My two both have brown. I think the lighter coloured eyes tend to come with a liver coloured nose too??


----------



## dio.ren (Jan 18, 2013)

Molly has green eyes. Depending on the light they can look like a green brown they are very stunning and everyone comments on them


----------



## Lynn<3 (Jul 4, 2011)

Both Amiee Jane and Miles have beautiful chocolate brown eyes like my husband :love-eyes:


----------



## wilfiboy (Sep 18, 2010)

Mine are both black nosed, dark eyed x


----------



## RuthMill (Jun 30, 2012)

Yep Lola has a liver nose and light eyes! Cuteness! I love a liver nose...


----------



## KCsunshine (Apr 16, 2012)

Our Coco has light brown eyes, almost like a goldy colour sometimes, i'm biased of course, but they are absolutely gorgeous, her best feature by far!


----------



## Janev1000 (Oct 4, 2011)

Jedicrazy said:


> My two both have brown. I think the lighter coloured eyes tend to come with a liver coloured nose too??

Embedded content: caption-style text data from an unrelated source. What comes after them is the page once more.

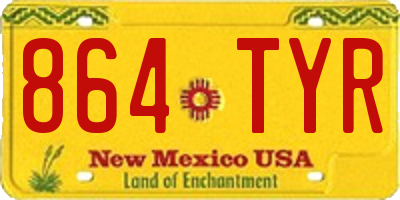 NM license plate 864TYR
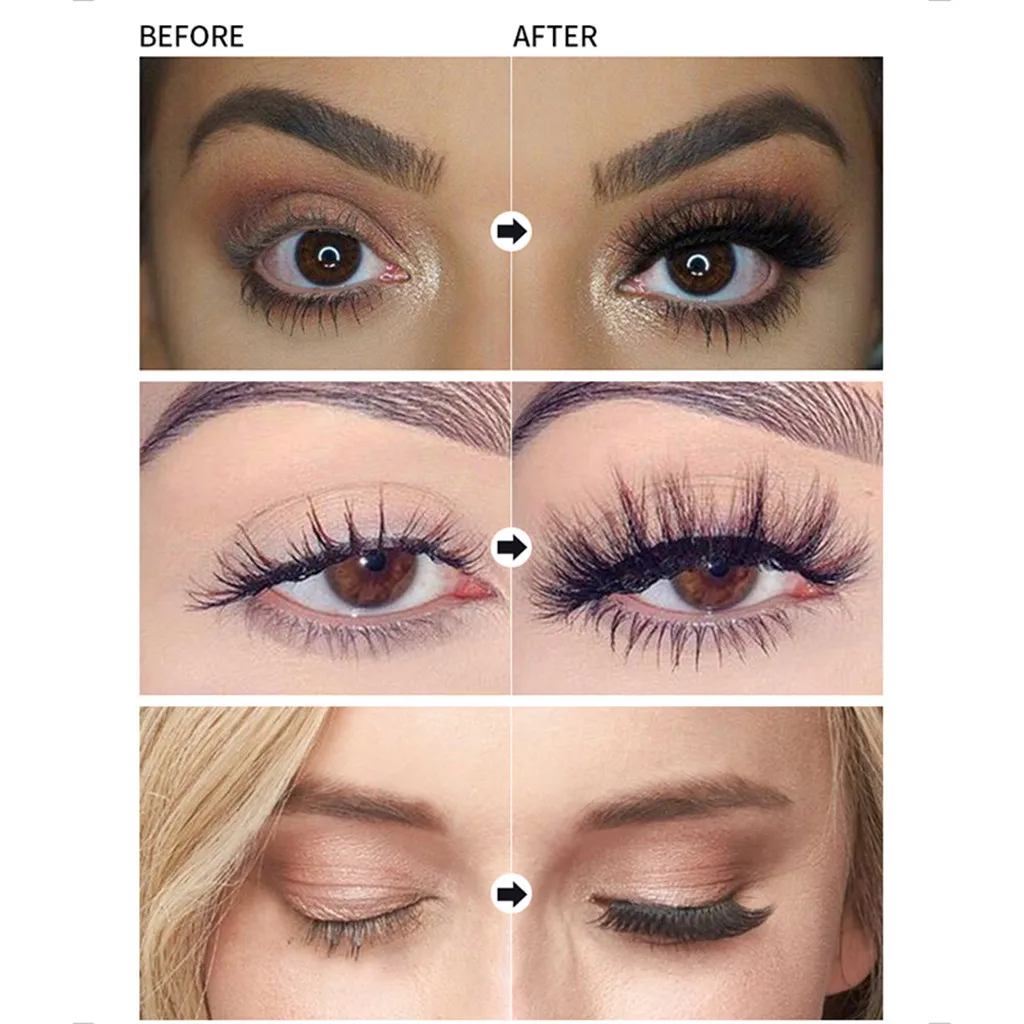 4D Smudge-proof Mascara Black Waterproof Makeup Eyelash Long Curling Mascara Eye Lashes Extension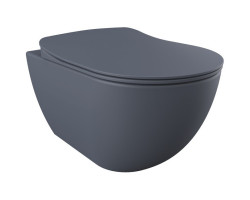 Унитаз подвесной Creavit Free FE320-11BM00E-0000 базальт матовый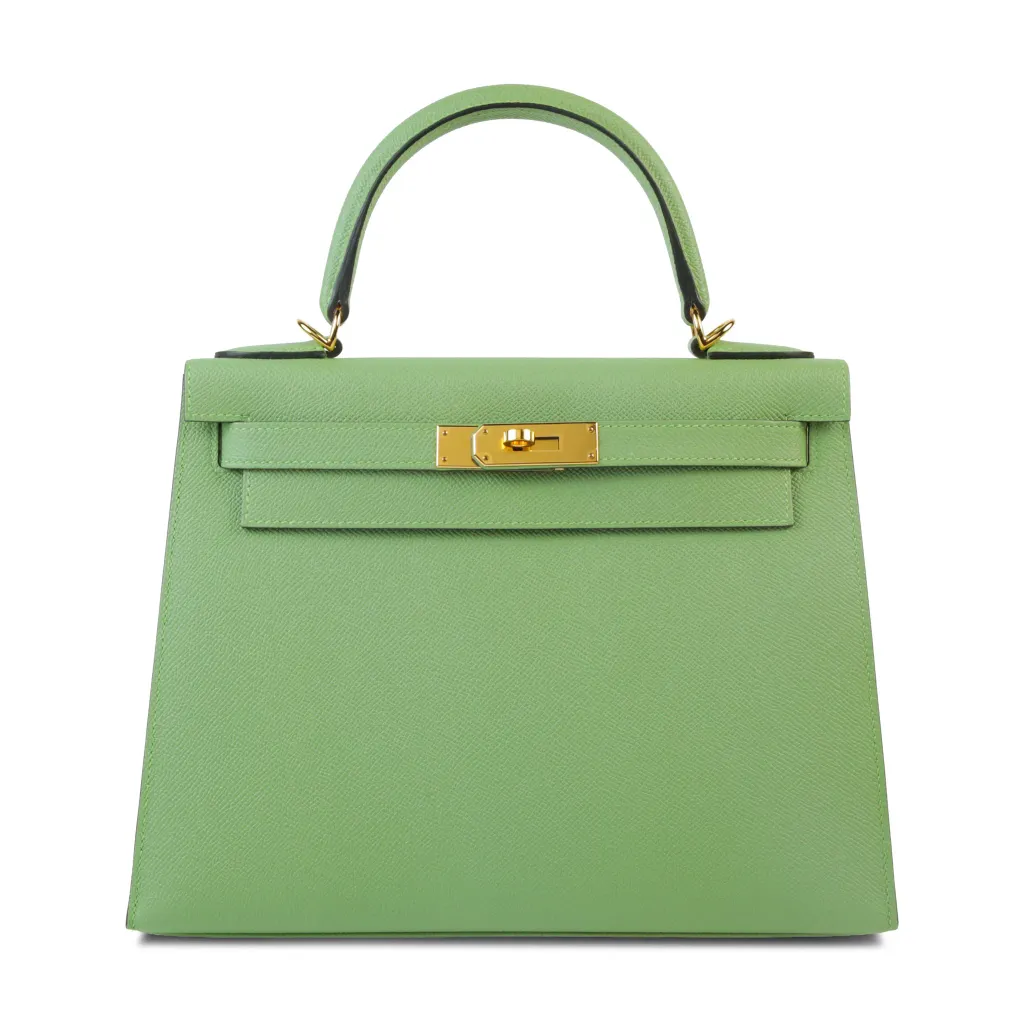 Kelly 28 Sellier Vert Criquet (3I)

Was going to say the same! I've seen a few like this and think they look very attractive. My friend has one too and his eyes look very soft. It seems to be more common amongst the apricot/pale cockapoos and labradoodles also.


----------



## sugerlump (Oct 6, 2012)

well ginger has very dark brown eyes. and yes she is 11 months old and she still does the doddle dash. and yes she will find and eat any thing ,from grass to sticks to rabbet poo to bugs you name it ginger will eat it ok


----------



## Sunshinesmom (May 28, 2020)

CutieCocoaCockapoo said:


> Hey, I was just curious about what color eyes your cockapoos have. Cocoa has green eyes, and I was wondering if its something cockapoos have in common.


Our puppy has green eyes too!


----------